/---

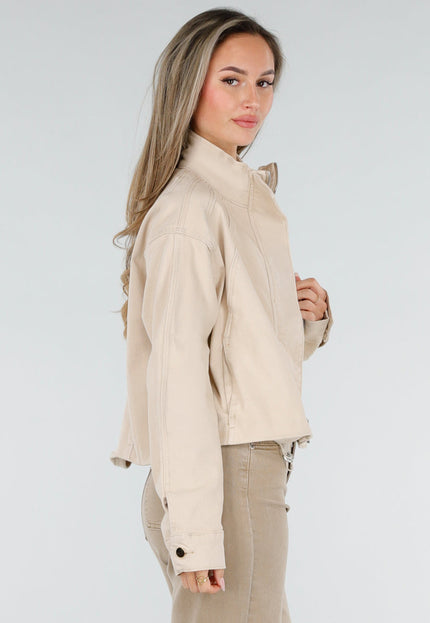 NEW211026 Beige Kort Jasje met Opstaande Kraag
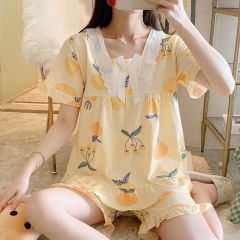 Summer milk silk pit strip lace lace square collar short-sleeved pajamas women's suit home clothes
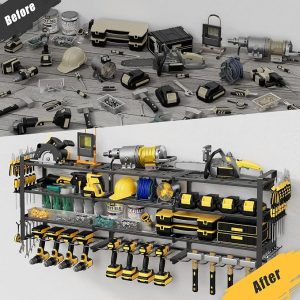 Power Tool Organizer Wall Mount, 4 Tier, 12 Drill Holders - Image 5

\---
/---

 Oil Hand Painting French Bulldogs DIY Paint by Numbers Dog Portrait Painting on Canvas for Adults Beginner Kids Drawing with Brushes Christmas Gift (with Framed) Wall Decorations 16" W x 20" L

\---

Starting from the line with "NEW211026 Beige Kort" in the records above, repeat each line exactly until you have written the line with "Power Tool Organizer", then stop; drop the pictures.

*Exercise response*.
 NEW211026 Beige Kort Jasje met Opstaande Kraag
 Summer milk silk pit strip lace lace square collar short-sleeved pajamas women's suit home clothes
 Power Tool Organizer Wall Mount, 4 Tier, 12 Drill Holders - Image 5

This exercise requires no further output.